About this exercise:
Under this line sits a listing. Repeat exactly and only its lines from the one holding "Now, at the" through the one holding "Hi, I am Syed"; skip pictures.

Input material:
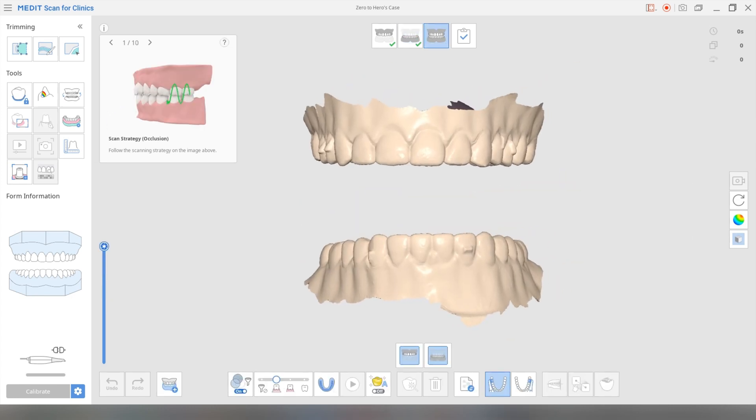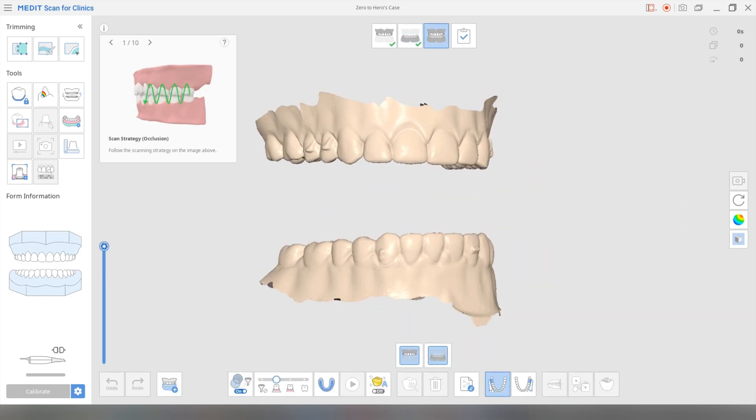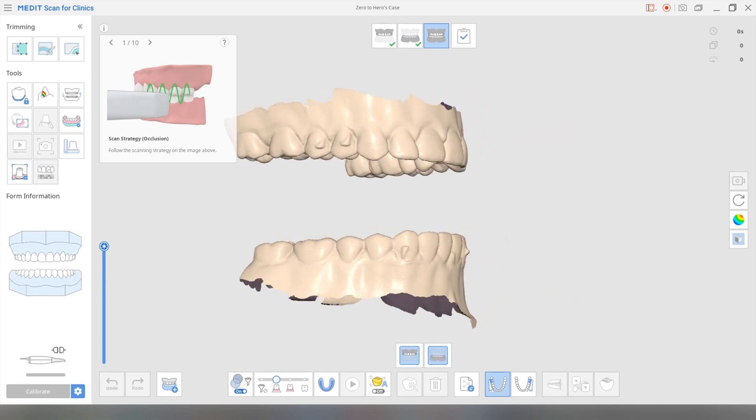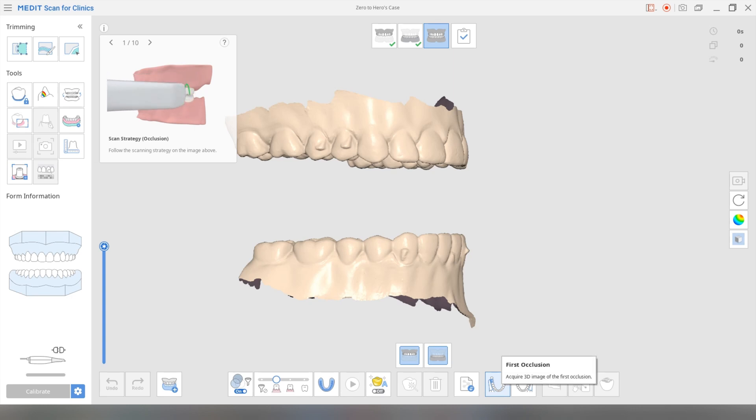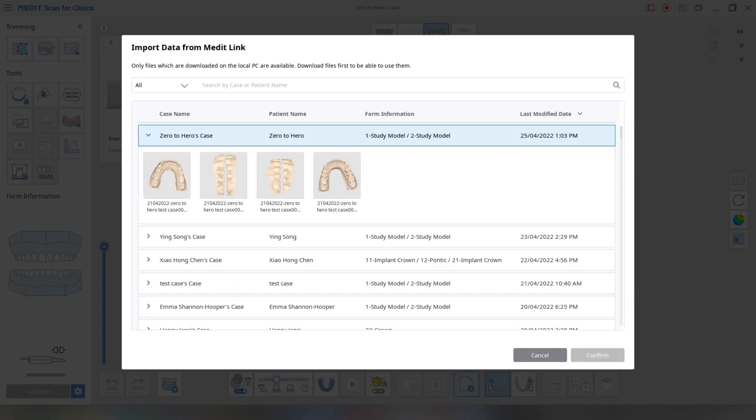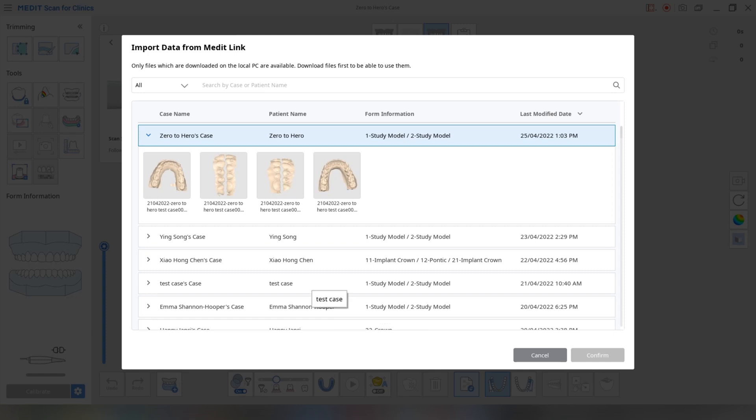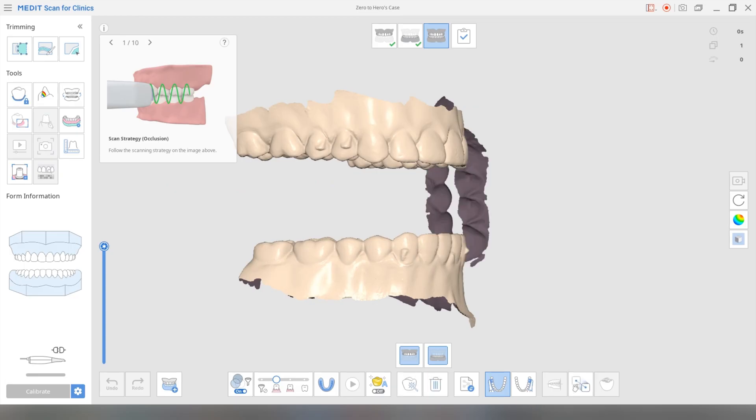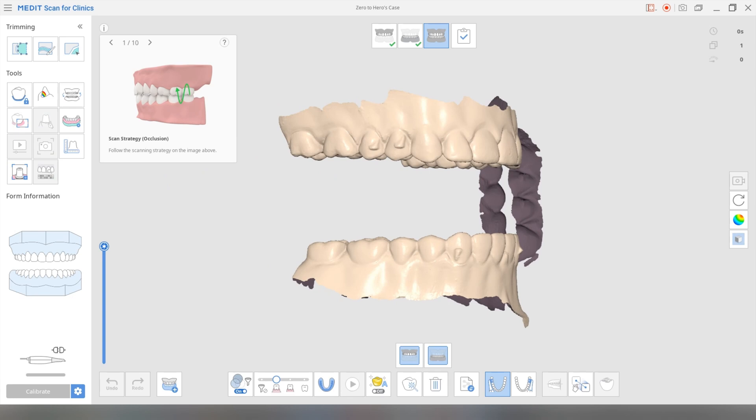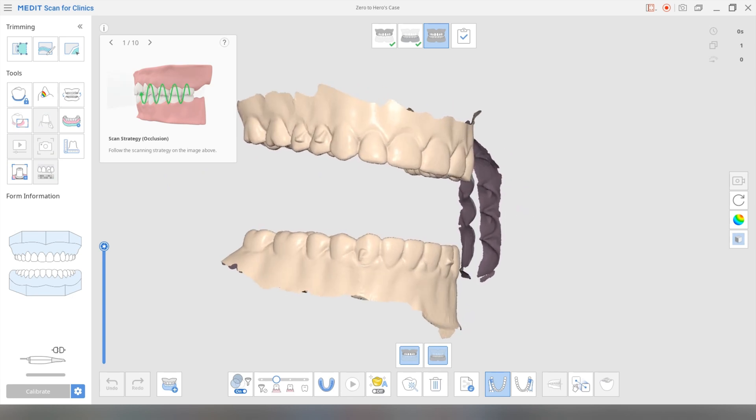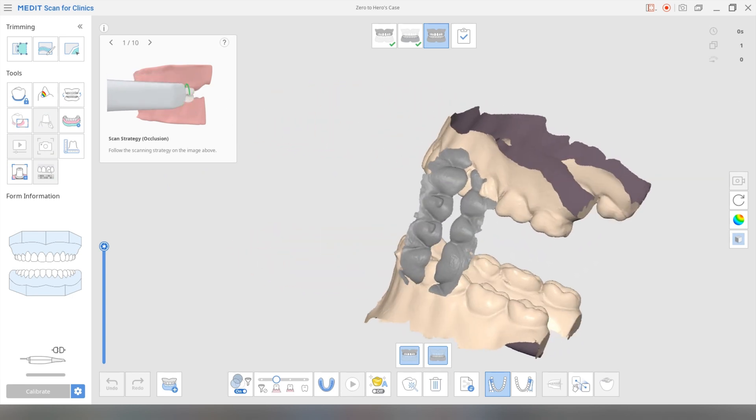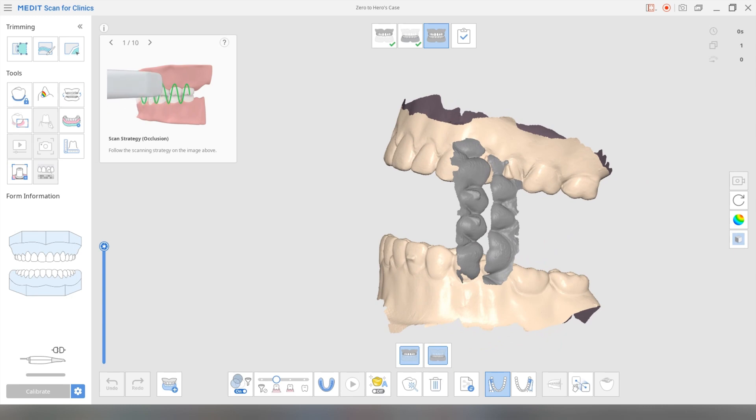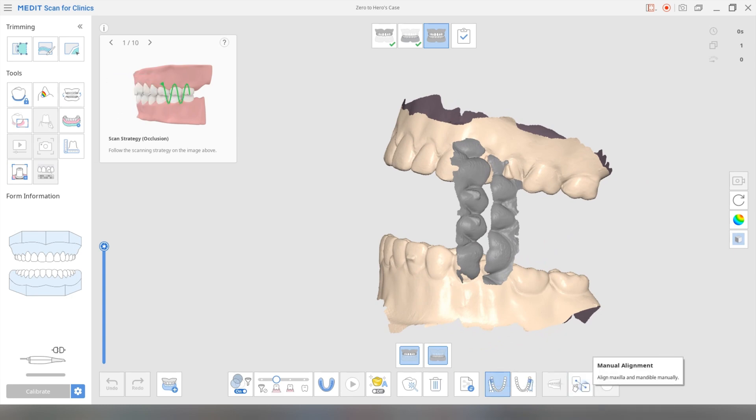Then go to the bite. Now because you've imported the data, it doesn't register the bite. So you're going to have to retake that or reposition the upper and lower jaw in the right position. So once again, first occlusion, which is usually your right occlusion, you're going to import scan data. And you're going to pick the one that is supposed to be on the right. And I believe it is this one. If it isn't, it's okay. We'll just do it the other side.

...

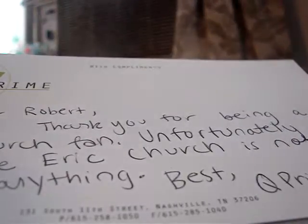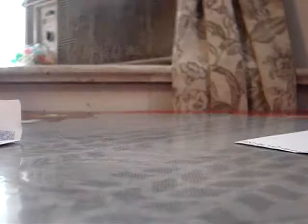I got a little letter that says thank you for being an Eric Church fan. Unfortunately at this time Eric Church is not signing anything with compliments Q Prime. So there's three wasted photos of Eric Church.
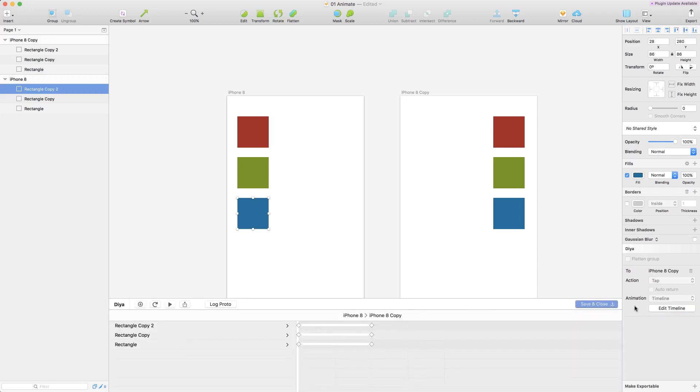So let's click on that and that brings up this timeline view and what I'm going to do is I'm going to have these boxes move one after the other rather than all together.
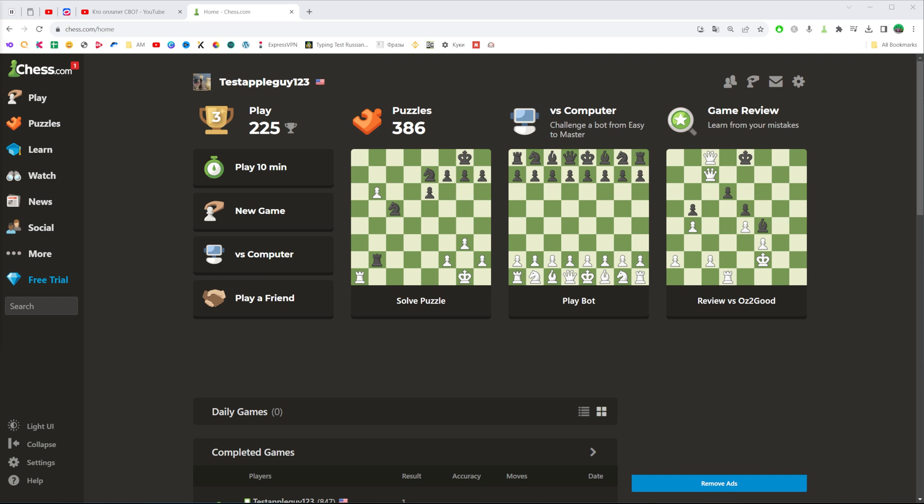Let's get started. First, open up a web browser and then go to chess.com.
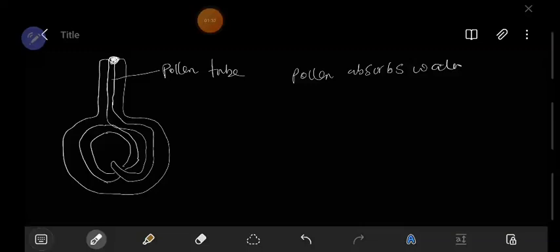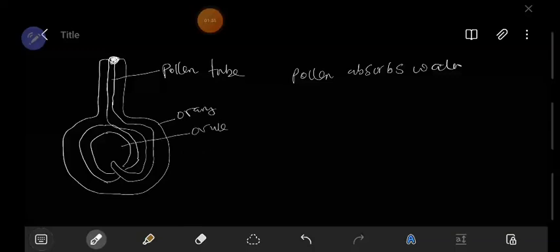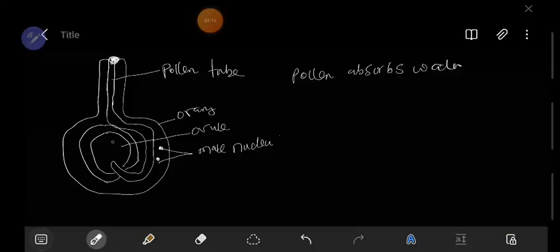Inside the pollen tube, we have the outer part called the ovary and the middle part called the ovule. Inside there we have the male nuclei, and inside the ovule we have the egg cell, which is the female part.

--

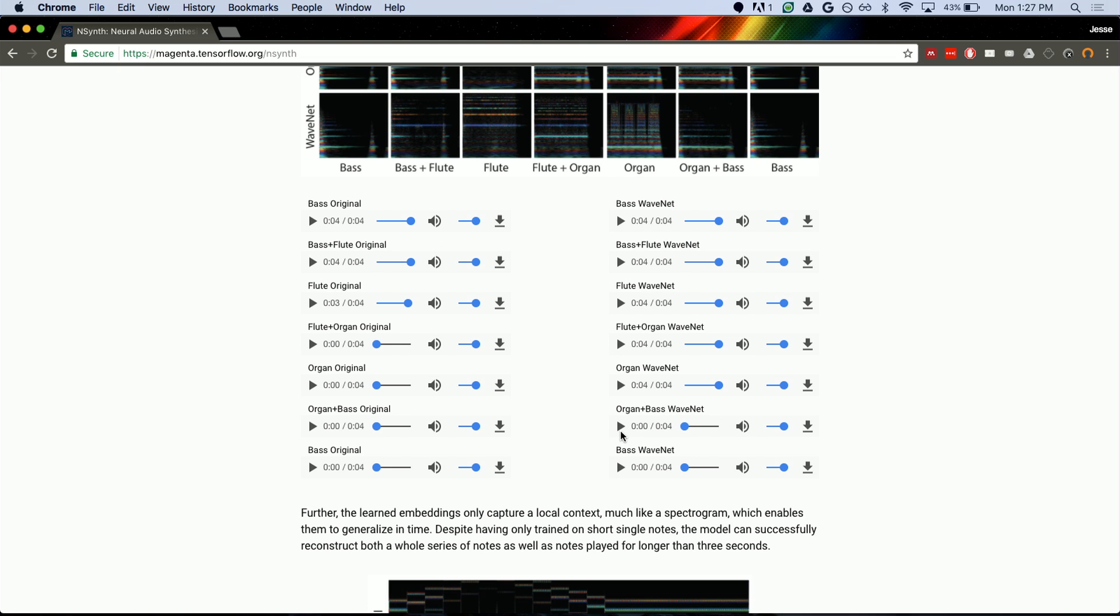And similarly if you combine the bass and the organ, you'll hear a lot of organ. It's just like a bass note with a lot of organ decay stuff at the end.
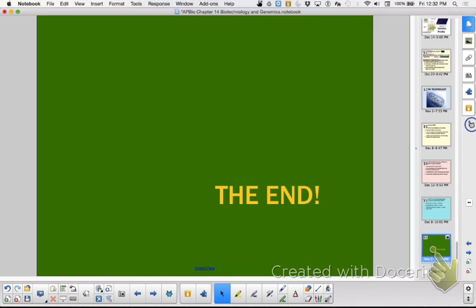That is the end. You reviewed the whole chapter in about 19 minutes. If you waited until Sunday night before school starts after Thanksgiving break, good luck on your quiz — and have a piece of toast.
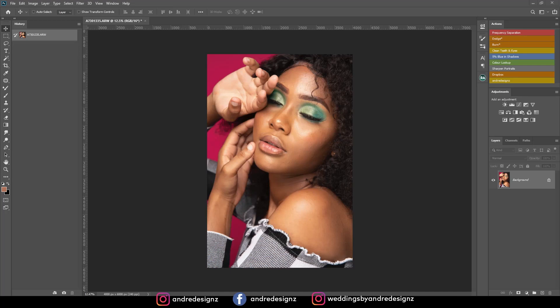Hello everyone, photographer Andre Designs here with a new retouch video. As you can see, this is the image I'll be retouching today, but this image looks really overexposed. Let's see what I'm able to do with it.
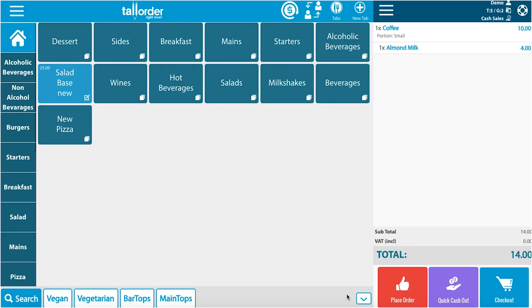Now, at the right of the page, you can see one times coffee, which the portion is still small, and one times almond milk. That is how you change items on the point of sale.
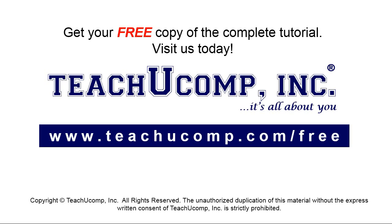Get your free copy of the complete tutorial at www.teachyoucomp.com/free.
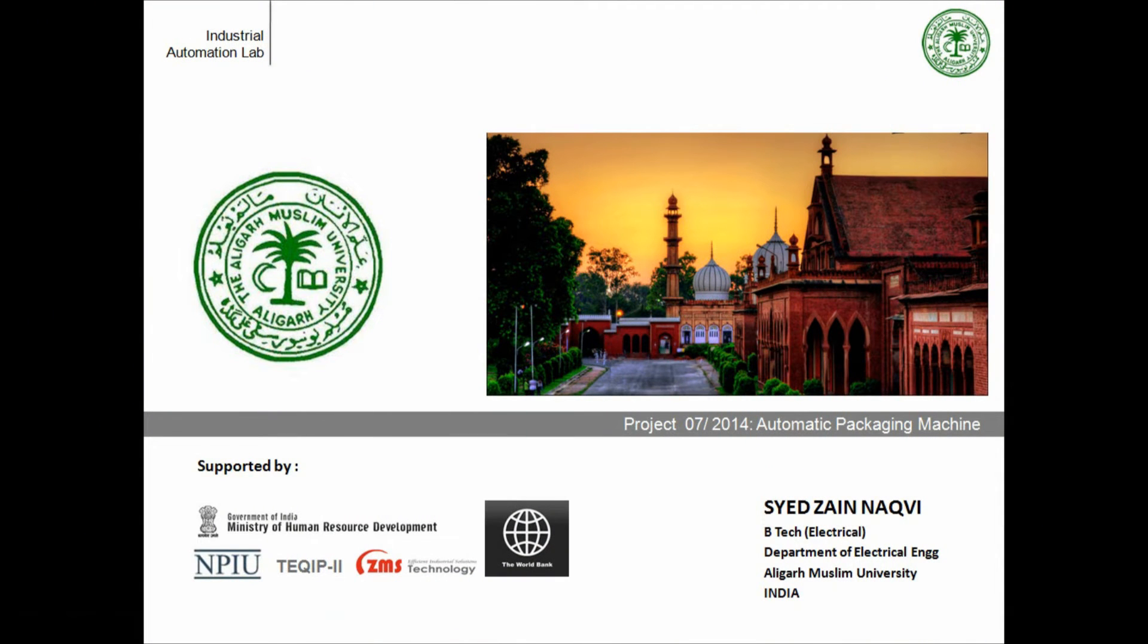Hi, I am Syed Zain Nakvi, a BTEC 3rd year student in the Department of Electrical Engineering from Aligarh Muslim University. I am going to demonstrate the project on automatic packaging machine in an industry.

Solution to the problem:
Now, at the right of the page, you can see one times coffee, which the portion is still small, and one times almond milk. That is how you change items on the point of sale.
Get your free copy of the complete tutorial at www.teachyoucomp.com/free.
Hi, I am Syed Zain Nakvi, a BTEC 3rd year student in the Department of Electrical Engineering from Aligarh Muslim University. I am going to demonstrate the project on automatic packaging machine in an industry.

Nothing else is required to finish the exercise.